Problem requirements: Output all of the entries below precisely as written.

Entries shown:
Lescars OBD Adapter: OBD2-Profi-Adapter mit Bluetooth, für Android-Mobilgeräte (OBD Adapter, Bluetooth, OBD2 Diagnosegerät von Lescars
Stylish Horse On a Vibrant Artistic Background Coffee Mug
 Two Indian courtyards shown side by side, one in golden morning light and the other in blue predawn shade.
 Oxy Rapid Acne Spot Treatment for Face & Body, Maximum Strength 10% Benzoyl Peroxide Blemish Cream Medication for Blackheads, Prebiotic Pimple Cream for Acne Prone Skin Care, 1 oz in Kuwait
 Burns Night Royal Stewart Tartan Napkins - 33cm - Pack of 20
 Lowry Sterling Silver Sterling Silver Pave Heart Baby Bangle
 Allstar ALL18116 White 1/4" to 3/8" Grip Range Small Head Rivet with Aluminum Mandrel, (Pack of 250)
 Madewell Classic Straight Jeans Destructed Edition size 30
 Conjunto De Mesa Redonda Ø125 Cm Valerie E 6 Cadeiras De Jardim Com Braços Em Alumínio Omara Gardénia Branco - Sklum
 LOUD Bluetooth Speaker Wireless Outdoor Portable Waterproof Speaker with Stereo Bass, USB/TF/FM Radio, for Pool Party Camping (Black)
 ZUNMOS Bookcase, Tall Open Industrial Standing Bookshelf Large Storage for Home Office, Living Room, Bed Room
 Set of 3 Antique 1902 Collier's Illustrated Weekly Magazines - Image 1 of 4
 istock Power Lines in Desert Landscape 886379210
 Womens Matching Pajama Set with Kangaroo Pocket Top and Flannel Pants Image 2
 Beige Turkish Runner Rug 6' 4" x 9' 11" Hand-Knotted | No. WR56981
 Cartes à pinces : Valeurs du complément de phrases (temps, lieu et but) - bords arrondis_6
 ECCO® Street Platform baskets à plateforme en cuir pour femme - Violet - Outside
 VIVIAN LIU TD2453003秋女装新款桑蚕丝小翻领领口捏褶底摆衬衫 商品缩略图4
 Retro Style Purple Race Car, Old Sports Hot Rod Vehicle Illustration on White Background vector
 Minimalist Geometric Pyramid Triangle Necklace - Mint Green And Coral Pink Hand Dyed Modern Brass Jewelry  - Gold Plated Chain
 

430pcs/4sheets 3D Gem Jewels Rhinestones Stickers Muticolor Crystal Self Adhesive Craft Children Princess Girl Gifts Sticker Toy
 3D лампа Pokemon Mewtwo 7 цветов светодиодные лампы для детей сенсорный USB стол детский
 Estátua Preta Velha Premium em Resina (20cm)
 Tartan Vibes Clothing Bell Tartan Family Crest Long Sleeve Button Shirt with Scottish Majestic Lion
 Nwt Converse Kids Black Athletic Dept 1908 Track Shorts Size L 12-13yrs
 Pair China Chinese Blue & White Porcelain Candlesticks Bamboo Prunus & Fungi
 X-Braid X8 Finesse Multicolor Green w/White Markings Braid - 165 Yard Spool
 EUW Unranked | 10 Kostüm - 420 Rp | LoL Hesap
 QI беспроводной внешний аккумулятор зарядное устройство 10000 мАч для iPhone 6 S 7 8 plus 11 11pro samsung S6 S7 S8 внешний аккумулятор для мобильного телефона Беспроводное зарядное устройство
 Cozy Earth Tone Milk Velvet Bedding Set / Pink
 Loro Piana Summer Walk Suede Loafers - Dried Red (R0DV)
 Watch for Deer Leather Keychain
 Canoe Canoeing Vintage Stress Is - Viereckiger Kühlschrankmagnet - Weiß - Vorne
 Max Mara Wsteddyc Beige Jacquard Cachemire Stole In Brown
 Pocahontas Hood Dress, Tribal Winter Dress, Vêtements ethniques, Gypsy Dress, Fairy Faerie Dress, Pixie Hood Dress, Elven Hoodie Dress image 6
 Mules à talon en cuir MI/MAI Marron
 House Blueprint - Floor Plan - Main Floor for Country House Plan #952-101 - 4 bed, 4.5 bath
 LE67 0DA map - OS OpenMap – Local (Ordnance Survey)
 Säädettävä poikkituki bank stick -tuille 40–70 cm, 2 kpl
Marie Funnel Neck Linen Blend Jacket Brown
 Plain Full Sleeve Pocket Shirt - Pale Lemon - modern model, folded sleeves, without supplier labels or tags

Response for this exercise:
Lescars OBD Adapter: OBD2-Profi-Adapter mit Bluetooth, für Android-Mobilgeräte (OBD Adapter, Bluetooth, OBD2 Diagnosegerät von Lescars
Stylish Horse On a Vibrant Artistic Background Coffee Mug
 Two Indian courtyards shown side by side, one in golden morning light and the other in blue predawn shade.
 Oxy Rapid Acne Spot Treatment for Face & Body, Maximum Strength 10% Benzoyl Peroxide Blemish Cream Medication for Blackheads, Prebiotic Pimple Cream for Acne Prone Skin Care, 1 oz in Kuwait
 Burns Night Royal Stewart Tartan Napkins - 33cm - Pack of 20
 Lowry Sterling Silver Sterling Silver Pave Heart Baby Bangle
 Allstar ALL18116 White 1/4" to 3/8" Grip Range Small Head Rivet with Aluminum Mandrel, (Pack of 250)
 Madewell Classic Straight Jeans Destructed Edition size 30
 Conjunto De Mesa Redonda Ø125 Cm Valerie E 6 Cadeiras De Jardim Com Braços Em Alumínio Omara Gardénia Branco - Sklum
 LOUD Bluetooth Speaker Wireless Outdoor Portable Waterproof Speaker with Stereo Bass, USB/TF/FM Radio, for Pool Party Camping (Black)
 ZUNMOS Bookcase, Tall Open Industrial Standing Bookshelf Large Storage for Home Office, Living Room, Bed Room
 Set of 3 Antique 1902 Collier's Illustrated Weekly Magazines - Image 1 of 4
 istock Power Lines in Desert Landscape 886379210
 Womens Matching Pajama Set with Kangaroo Pocket Top and Flannel Pants Image 2
 Beige Turkish Runner Rug 6' 4" x 9' 11" Hand-Knotted | No. WR56981
 Cartes à pinces : Valeurs du complément de phrases (temps, lieu et but) - bords arrondis_6
 ECCO® Street Platform baskets à plateforme en cuir pour femme - Violet - Outside
 VIVIAN LIU TD2453003秋女装新款桑蚕丝小翻领领口捏褶底摆衬衫 商品缩略图4
 Retro Style Purple Race Car, Old Sports Hot Rod Vehicle Illustration on White Background vector
 Minimalist Geometric Pyramid Triangle Necklace - Mint Green And Coral Pink Hand Dyed Modern Brass Jewelry  - Gold Plated Chain
 

430pcs/4sheets 3D Gem Jewels Rhinestones Stickers Muticolor Crystal Self Adhesive Craft Children Princess Girl Gifts Sticker Toy
 3D лампа Pokemon Mewtwo 7 цветов светодиодные лампы для детей сенсорный USB стол детский
 Estátua Preta Velha Premium em Resina (20cm)
 Tartan Vibes Clothing Bell Tartan Family Crest Long Sleeve Button Shirt with Scottish Majestic Lion
 Nwt Converse Kids Black Athletic Dept 1908 Track Shorts Size L 12-13yrs
 Pair China Chinese Blue & White Porcelain Candlesticks Bamboo Prunus & Fungi
 X-Braid X8 Finesse Multicolor Green w/White Markings Braid - 165 Yard Spool
 EUW Unranked | 10 Kostüm - 420 Rp | LoL Hesap
 QI беспроводной внешний аккумулятор зарядное устройство 10000 мАч для iPhone 6 S 7 8 plus 11 11pro samsung S6 S7 S8 внешний аккумулятор для мобильного телефона Беспроводное зарядное устройство
 Cozy Earth Tone Milk Velvet Bedding Set / Pink
 Loro Piana Summer Walk Suede Loafers - Dried Red (R0DV)
 Watch for Deer Leather Keychain
 Canoe Canoeing Vintage Stress Is - Viereckiger Kühlschrankmagnet - Weiß - Vorne
 Max Mara Wsteddyc Beige Jacquard Cachemire Stole In Brown
 Pocahontas Hood Dress, Tribal Winter Dress, Vêtements ethniques, Gypsy Dress, Fairy Faerie Dress, Pixie Hood Dress, Elven Hoodie Dress image 6
 Mules à talon en cuir MI/MAI Marron
 House Blueprint - Floor Plan - Main Floor for Country House Plan #952-101 - 4 bed, 4.5 bath
 LE67 0DA map - OS OpenMap – Local (Ordnance Survey)
 Säädettävä poikkituki bank stick -tuille 40–70 cm, 2 kpl
Marie Funnel Neck Linen Blend Jacket Brown
 Plain Full Sleeve Pocket Shirt - Pale Lemon - modern model, folded sleeves, without supplier labels or tags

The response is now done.